Appreciate any help. Have been an avid fisherman all my life up north in the fresh water. Have done my share of surf fishing (pretty much limited to vacations on dauphin island for whiting), charters offshore for snapper and some bay dock fishing for specks.

That said. I am very limited as to what I have actually been able to fish for and time doing it. I also have not really kept up on salt water equipment since I lived so far north. Will be moving to Pensacola area in about a month and I am ready to start adding to the fishing equipment.

I need advice. Good rod reel combos for serious surf / kayak fishing for specks, whiting, pomps, macks, blues and perhaps a big set up for sharks.

If you invited some guy to go on your boat inshore fishing what would you expect him to bring along in the way of his own tackle if you did not have any to spare? rod / reel combos and general tackle.

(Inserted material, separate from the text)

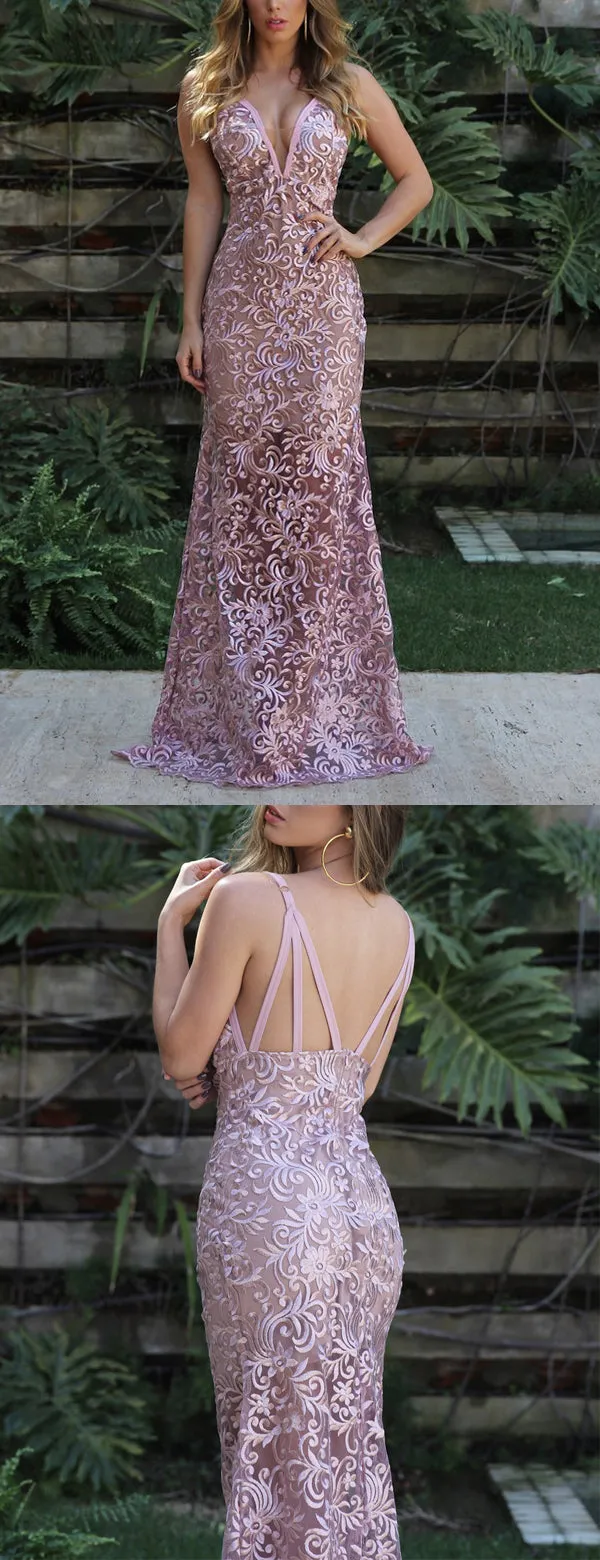 Dusty Rose Lace Spaghetti Strap Sheath Long Prom Dresses.PD00242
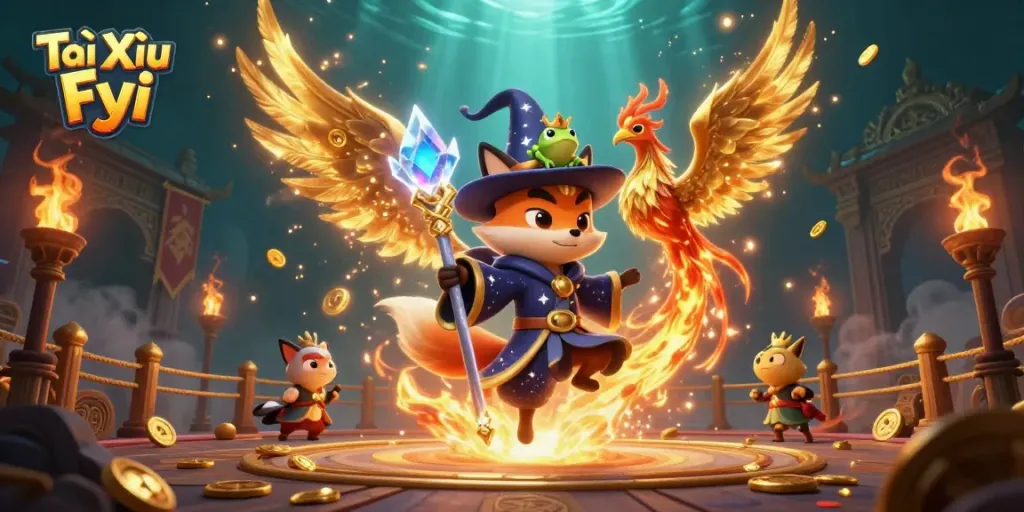 Tài Xỉu Fyi captures an intense scene with a wizard fox, phoenix, and enchanting betting tokens.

Same question if that is an offshore trip.

I really appreciate the help and figure with different opinions I can make things meet in the middle and be as smart as I can about spending some cash on new or used equipment.

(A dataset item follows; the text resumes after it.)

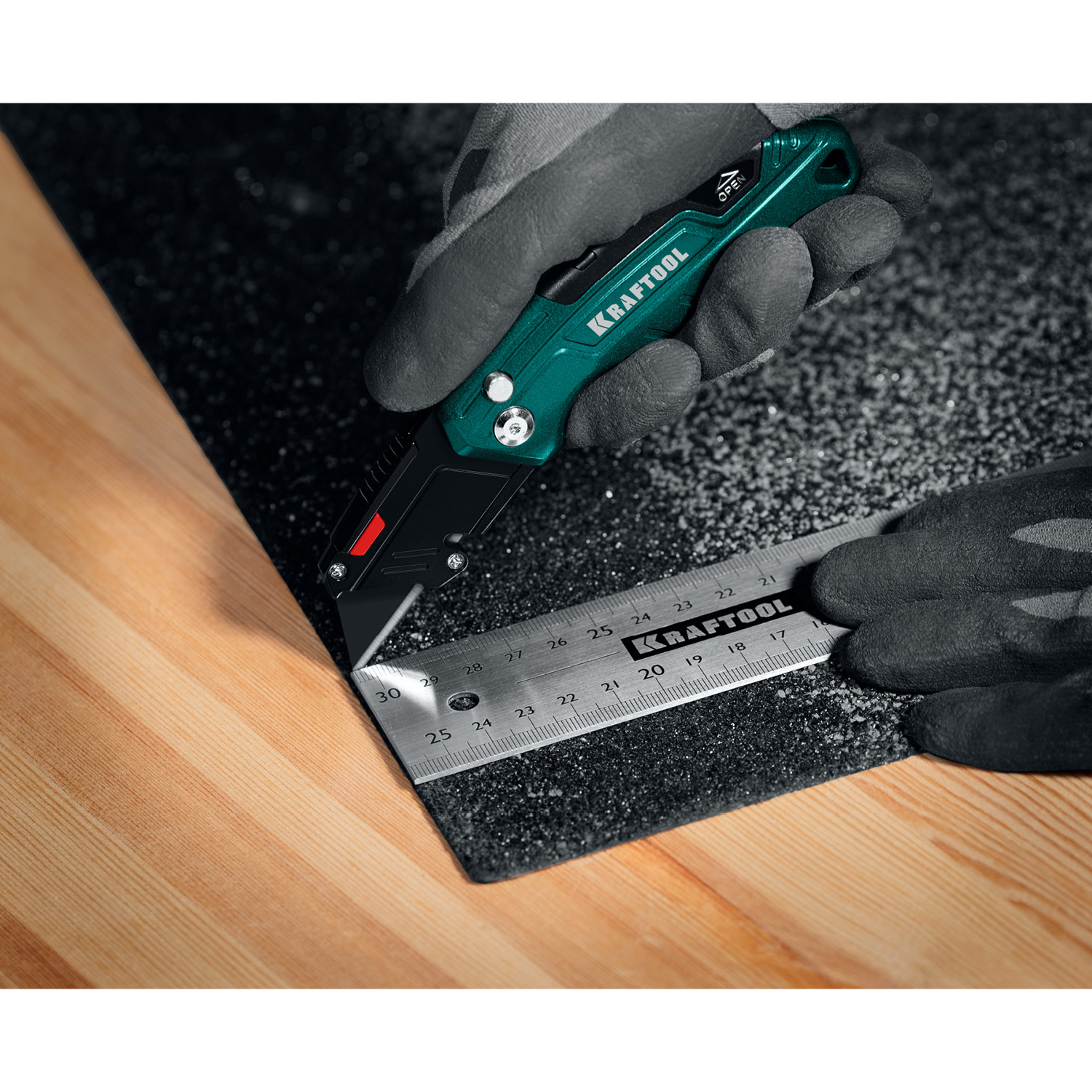 KRAFTOOL Helfer, компактный складной нож с трапециевидным лезвием, тип А24 (09242) — фото 17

Thanks again - this forum has been a lifesaver in our prep to move to that wonderful area.


----------



## Ocean Master (May 20, 2008)

Welcome to Pensacola. You might just browse the forum and see what type of tackle most are using for inshore and offshore. Your question can bring thousands of answers. 

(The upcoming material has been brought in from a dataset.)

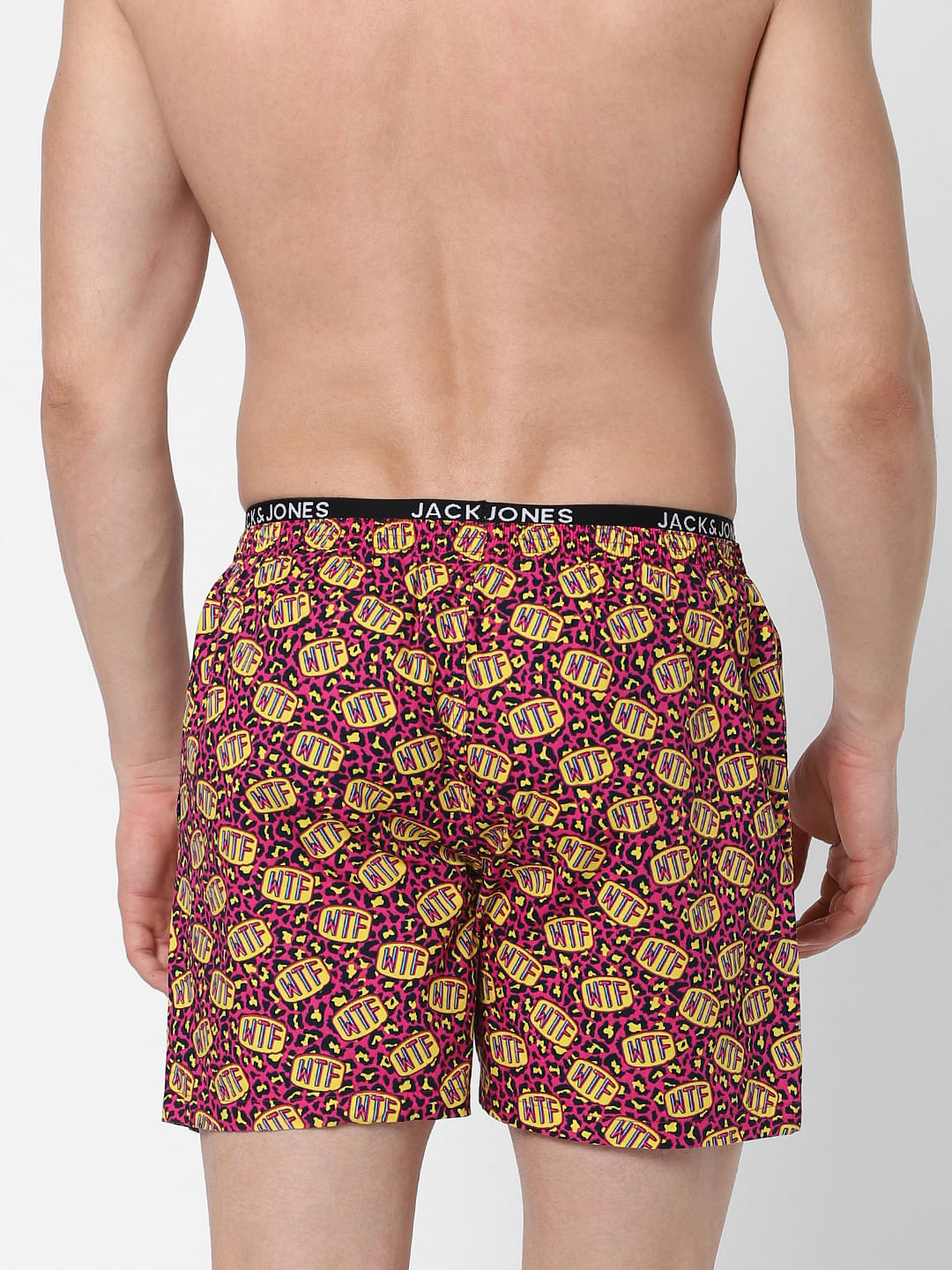 Pink Wtf Print Boxers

For inshore a 3000 to 4000 reel size is good for all around fishing. There are way to many reels to suggest just one. For offshore we would need to know what type of fishing you would be doing the most. You mentioned Snapper. I now use spinning reels most of the time b/c we always chum the fish to the top. I still have plenty of conventional bottom setups but we use them for Grouper and other larger fish. 

When you get here contact me here on the forum. I have allot of rod and reel conbo's that don't get used. I can also show you what we use fishing off the dock,inshore and offshore.

I am by far not the only one on the forum that can help you. Most everyone here will go out of their way to accomadate you and your family to fishing in Pensacola.

Welcome...!!


----------